Dave Olufson (guitar man on Senior Square), Brad Wyatt (class clown), Sean Gallagher (class thespian), Mike Maleske (quiet man), Sue Wright (a Long Beach homie); Dave Buchholz (the other quiet man), Bob Matson (joke-teller supreme), Dan Delight (yes, he was), Todd Garner (senior class prez, artiste), Larry Reynolds (basketball star).

Dan Felton (pull-tab ring), Rodney Edison (injury ended his football career), Dwight Dudley (a big ol’ kid), Nick Elliot (charming exchange student from Oz, also played defensive tackle); Frank Estes (best hitter on good ball team) Robin Eichenberg (cheerleader), Wendy Hennell (cheerleader), Cindy Gabel (my secret crush); Jan Courvoisier (my cousin), Patty Kreamer (belonged to every club, played on every team).

Suanne Hanstedt (majorette), Chris Kutschinski (4.0 valedictorian), Jan Baillie (played all sports), Elisha Emel; Robbie Sherrells (one-woman sound machine); Joanne Rasmussen; Penny Harnquist; LeeAnn Bunton, Maria Bunton (sisters); Janet Reggio (came from my home church).

Milan Pezich (another LB homie), Marilyn Listvan (physics genius), Mindy Sprague; Cathy Takagaki; LaNae Schultz; Gary Ashcavai the creative force behind the brilliant yearbook; Darryl Hicks (dominated in the paint;) Tom Rodde (fun guy), Pam McWilliams (artsy); Me.

Gay Ittner; Sandy Luebbe, Randy Lau (his picture and mine were accidentally switched in the football team photo), Jerry Clark (ran the hurdles), Judy Meyer (kind), Mark Moody, Virginia Carter, Mark Deardorff (the campus Young Republican), Tonye Lightfoot (excellent singer), Randy Brooks (top tennis player).

Kevin Behrendt, Felix Powell, Gwen Smith, David Bennett, Lisa Bednar, Tony Allen, Valerie Edwards homecoming queen; head cheerleader), Dennis Levin, Jeff Peters (gave off surfer vibes); Dorothy Colburn, Armando Hamilton.

That leaves 50 classmates whom I could not conjure.

Anyone who sees this and wasn’t in the 82 … well, it’s not you, it’s me.

For starters, I hardly spoke to girls, and the gender of the 82 I remembered skews heavily male — 52 guys, 30 girls.

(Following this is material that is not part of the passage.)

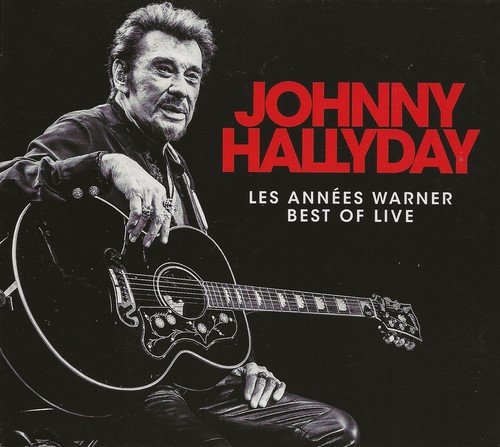 Johnny hallyday les - –,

That’s 63 percent male, 37 percent female.

I began this folly by mentally reviewing every sports team we fielded, and the top 35 or so skew heavily male — 34 of 35 — as I went down the letterman mental list.

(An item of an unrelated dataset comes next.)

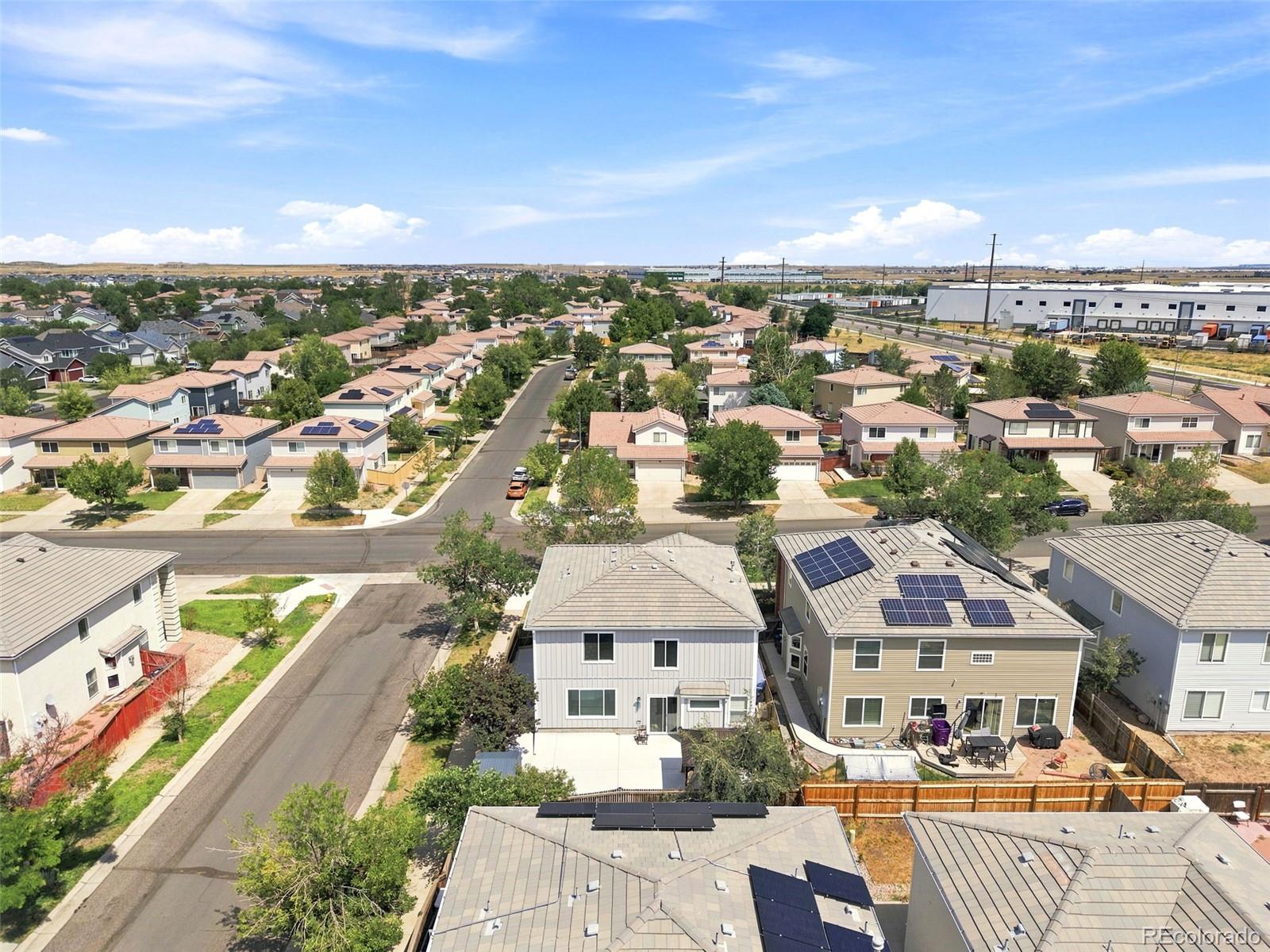 MLS Image #42 for 3897  lisbon street,denver, Colorado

Classmates who did much with singing or other arts … I did not come in touch with them. No choirs, no creative writing. You were where I wasn’t.

On the other hand, when I saw the list of 50 … I groaned over several omissions. “How could I not remember him/her?!” One of them was a football player I practiced against every day and also played in the concert band. Another was a girl who was always in the student council.

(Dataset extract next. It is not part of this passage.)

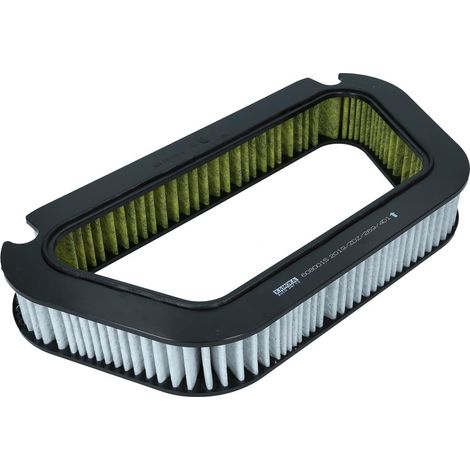 Kabinenfilter 6080015 Kamoka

Others? Mostly “no chance.” I remembered most of them when I saw the mug shots, but if I had sat and pondered for another 24 hours, I would not have added much to my total of 82.

So, that was kind of fun. You could perhaps try it yourself. Seems like you would need a class with 50 kids minimum, and maybe 150 maximum, to have a fair shot at any or all of them.

I liked most aspects of high school and I am sorry L.A. Lutheran was shuttered, back in the 1980s. Something about a balloon payment on a piece of property in Burbank.

In a way, this post is a tribute to some of the bright and friendly kids who graced that little campus on the edge of Inglewood.

In theory, the Class of ’71 should have a 50-year reunion next year. Or maybe we should let it go, and stick with our memories of a special time and place and the kids who populated it.